2.3 Da madre a scrittrice
Il secondo evento importante di questa storia di una donna è la nascita del figlio, la maternità, è raccontata da Sibilla Aleramo come un'esperienza fondamentale. La relazione madre/figlio (donna/figlio) soppianta tutte le altre relazioni, è una vera e propria istituzione della filiazione che accantona quella paterna e quella sessuale tra donna e uomo, moglie e marito. L'inizio della sua attività di scrittrice coincide con il diario in cui annota le riflessioni su di sé e il bambino, ed è propriamente questo « diario » che è in nuce la futura « lettera al figlio » che è Una donna:
Su un libriccino segnavo le date maggiori dell'esistenza fragile e preziosa della quale vivevo e che respiravo come se fosse stata la sola aria per me vitale. Quegli appunti, insieme a qualche notazione rapida del primo destarsi dell'intelligenza nel bimbo e delle impressioni varie che ne risentivo, sono il mio esordio di scrittrice. (Aleramo 1977 : 76)

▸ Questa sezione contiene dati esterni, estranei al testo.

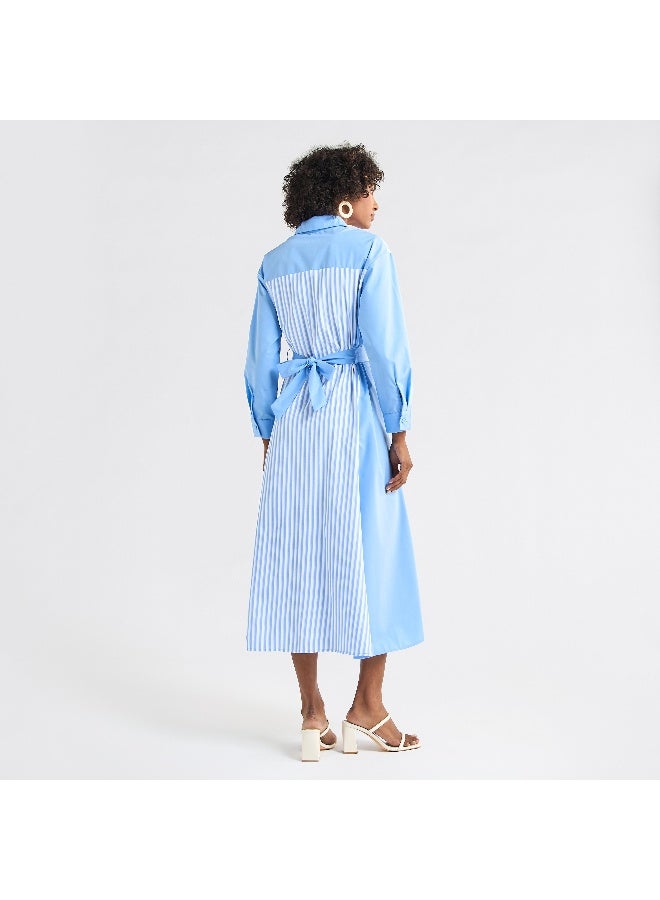 Splash FAV Striped Panel Midi Dress - Image 1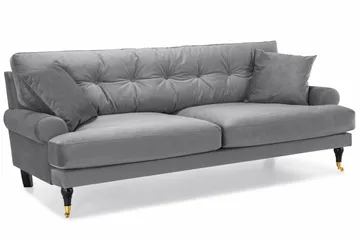 Andrew Sofagruppe 3-seter Sofa + Lenestol + Fotskammel i Fløyel - Lys grå - Møbler - Sofaer - Sofagrupper - Howard sofagruppe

Ci tengo a sottolineare questa affermazione della scrittrice perché se non indica un capovolgimento della filiazione simbolica che istituisce l'autorevolezza dell'autore (dal padre al figlio/figlia) fa emergere un'altra possibile base dell'autorità femminile nella relazione materna e filiale, uno schema che cambia a mio parere le regole patriarcali: qui è la giovane donna che si ricrea nel mettere al mondo un altro essere (soprattutto di sesso maschile) e innesta in questa doppia nascita il processo creativo, simbolico. Seconda osservazione importante: dal momento in cui Rina Faccio diventa autore (Sibilla Aleramo), istituisce l'esordio della scrittura in quella particolare configurazione filiale. In base all'autorevolezza acquisita dall'atto di scrittura che definisce i termini della nascita dell'autrice e della scrittura.2
Ci saranno certo altri incontri che consolidano questa « istituzione », dal momento che il libro racconta il processo di una costruzione autoriale, che va dalla filiazione genealogica a quella simbolica. Ci sarà la « buona mamma » anch'essa scrittrice e iniziatrice del femminismo e della lotta sociale, e ci sarà « l'antico professore »: figure tutoriali che, pur riscrivendo la filiazione genealogica (la buona mamma), cominciano ad affrancarsene. È chiaro che a un certo punto la filiazione genealogica deve essere soppiantata da un'altra relazione che segna la rottura con la genealogia, e permette a Sibilla Aleramo di diventare Sibilla Aleramo, l'autore/autrice. Di fatto non è la rottura con la figura materna ma piuttosto la consapevolezza di una distanza necessaria dalla madre vittima : « Ma la buona madre non deve essere, come la mia, una semplice creatura di sacrificio: deve essere una donna, una persona umana. »3 (Aleramo 1977 : 115). Nel commentare il libro di Aleramo e la sua importanza per la letteratura successiva, Laura Fortini sottolinea proprio questo spostamento nel senso di un'identità femminile che non si appoggia più sulla identificazione al materno sacrificale ma piuttosto sulla rete di relazioni con le donne impegnate nella lotta per la loro emancipazione. Una donna « traccia un percorso non di formazione, ma di deformazione dell'essere femminile così come la tradizione l'aveva determinato fino a quel momento per collocarsi in un nuovo ordine » (Fortini 2007 : 42). Il romanzo di Sibilla Aleramo non esalta la maternità sacrificale né sacralizza il legame madre-figlio, tuttavia drammatizza la scelta tra esistere pienamente come donna e come scrittrice, e l'amore per il figlio, nella lucida consapevolezza (ed è questo uno dei maggiori pregi del romanzo e una delle ragioni del suo successo) che in un mondo ancora dominato dal patriarcato, forse non riuscirà in ogni modo a fare di lui un altro uomo, che la « filiazione materna » sarà ancora insufficiente per contrapporsi a quella paterna:
Mi odii, ma non mi dimentichi! / E verrà educato al culto della legge, così utile a chi è potente: amerà l'autorità e la tranquillità e il benessere... Quante volte afferro il suo ritratto, in cui le fattezze infantili mi par che ora annunzino negli occhi il mio dolore, ora nell'arco delle labbra la durezza di suo padre! Ma egli è mio. Egli è mio, deve somigliarmi! Strapparlo, stringerlo, chiuderlo in me!... E sparire io, perché fosse tutto me! (Aleramo 1977 : 203)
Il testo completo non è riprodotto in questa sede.